Industrial companies are expected to remain a major force in Hong Kong’s IPO market over the next two years, with more than 80 industrial and materials firms currently progressing through various stages of the listing process, according to PwC.
The strong pipeline comes after industrials and materials accounted for 41 per cent of IPO funds raised in Hong Kong in 2025, making the sector the largest contributor by proceeds. Retail, consumer goods and services followed with 27 per cent, while information technology and telecommunications services accounted for 18 per cent.
Major listings such as JD Industrials, Sany Heavy Industry and Dajin Heavy Industry underscored investor appetite for companies involved in advanced manufacturing, industrial technology and energy transition.

In the first five months of 2026, information technology companies accounted for 65 per cent of IPO proceeds, followed by retail, consumer goods and services at 18 per cent, and industrials and materials at 12 per cent.

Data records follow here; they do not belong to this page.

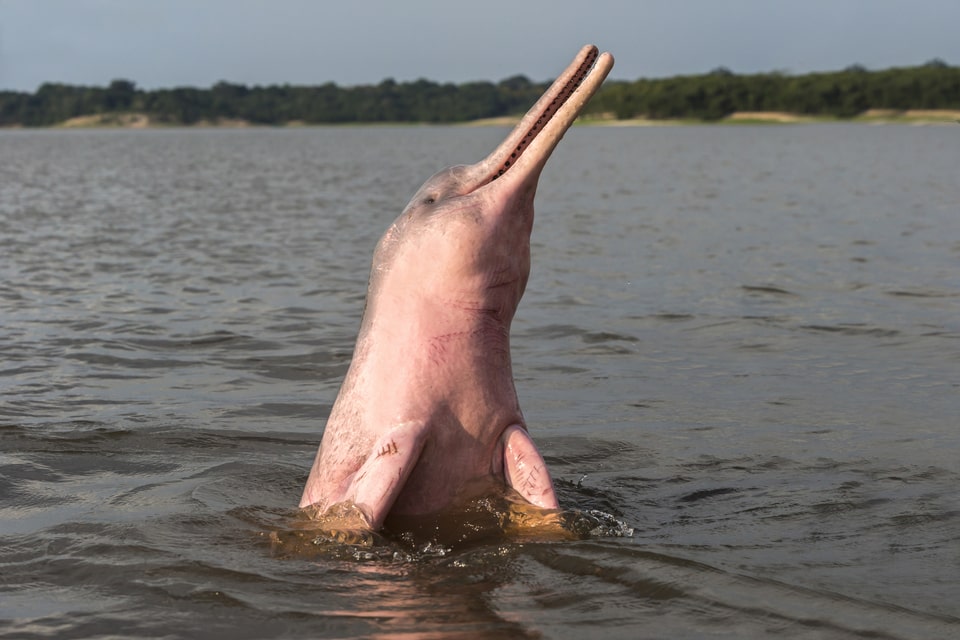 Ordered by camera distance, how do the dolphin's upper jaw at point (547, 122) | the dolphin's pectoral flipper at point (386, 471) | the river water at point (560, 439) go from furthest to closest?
1. the dolphin's upper jaw at point (547, 122)
2. the dolphin's pectoral flipper at point (386, 471)
3. the river water at point (560, 439)

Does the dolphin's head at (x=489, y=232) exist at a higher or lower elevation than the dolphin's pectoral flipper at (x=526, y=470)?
higher

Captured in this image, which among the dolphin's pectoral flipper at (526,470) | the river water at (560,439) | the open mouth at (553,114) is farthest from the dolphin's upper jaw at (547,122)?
the river water at (560,439)

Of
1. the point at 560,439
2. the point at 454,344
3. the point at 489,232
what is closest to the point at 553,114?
the point at 489,232

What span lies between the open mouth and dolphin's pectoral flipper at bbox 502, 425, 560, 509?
139 cm

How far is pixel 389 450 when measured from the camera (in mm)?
6355

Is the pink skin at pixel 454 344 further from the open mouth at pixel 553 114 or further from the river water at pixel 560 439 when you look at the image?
the river water at pixel 560 439

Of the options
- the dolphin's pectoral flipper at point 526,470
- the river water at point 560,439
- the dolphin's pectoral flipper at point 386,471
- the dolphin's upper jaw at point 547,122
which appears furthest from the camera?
the dolphin's pectoral flipper at point 526,470

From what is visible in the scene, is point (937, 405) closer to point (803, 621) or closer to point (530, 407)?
point (530, 407)

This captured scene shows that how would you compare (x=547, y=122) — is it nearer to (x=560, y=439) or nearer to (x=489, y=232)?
(x=489, y=232)

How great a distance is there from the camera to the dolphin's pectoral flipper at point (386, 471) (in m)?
6.29

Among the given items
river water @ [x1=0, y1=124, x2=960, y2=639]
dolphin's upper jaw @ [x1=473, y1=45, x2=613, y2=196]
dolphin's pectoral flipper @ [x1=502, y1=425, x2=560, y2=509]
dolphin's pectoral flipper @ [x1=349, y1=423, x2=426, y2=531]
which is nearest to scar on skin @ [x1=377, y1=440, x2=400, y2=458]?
dolphin's pectoral flipper @ [x1=349, y1=423, x2=426, y2=531]

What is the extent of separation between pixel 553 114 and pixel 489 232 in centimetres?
71

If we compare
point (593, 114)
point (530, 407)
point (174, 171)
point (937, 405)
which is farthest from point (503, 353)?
point (593, 114)

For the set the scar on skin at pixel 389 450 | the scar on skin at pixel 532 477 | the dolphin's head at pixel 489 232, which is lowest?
the scar on skin at pixel 532 477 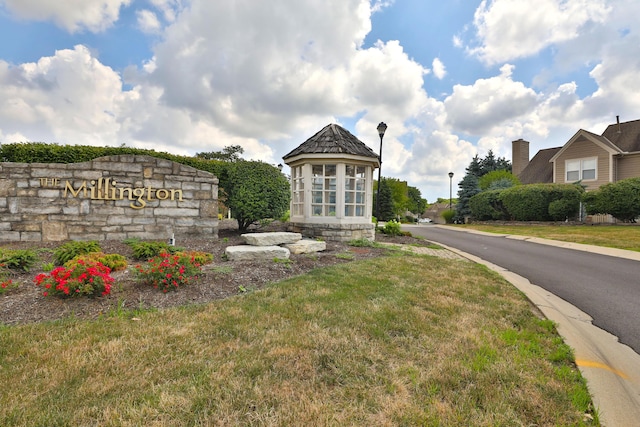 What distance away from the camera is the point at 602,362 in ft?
9.53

Although IT has dominated the first half of 2026 on the back of the AI frenzy, the length of the industrial pipeline suggests this is a temporary rotation not a lasting retreat. Industrial issuers remain active, as mainland-listed companies use Hong Kong to raise capital for overseas expansion. A-share companies contributed US$12.5 billion of the US$21.3 billion raised in the city over the period.

Relaxed rules allowing smaller, innovative firms and issuers with weighted voting rights to broaden their secondary listing avenues have also reduced practical and regulatory barriers for overseas-listed companies seeking a Hong Kong listing.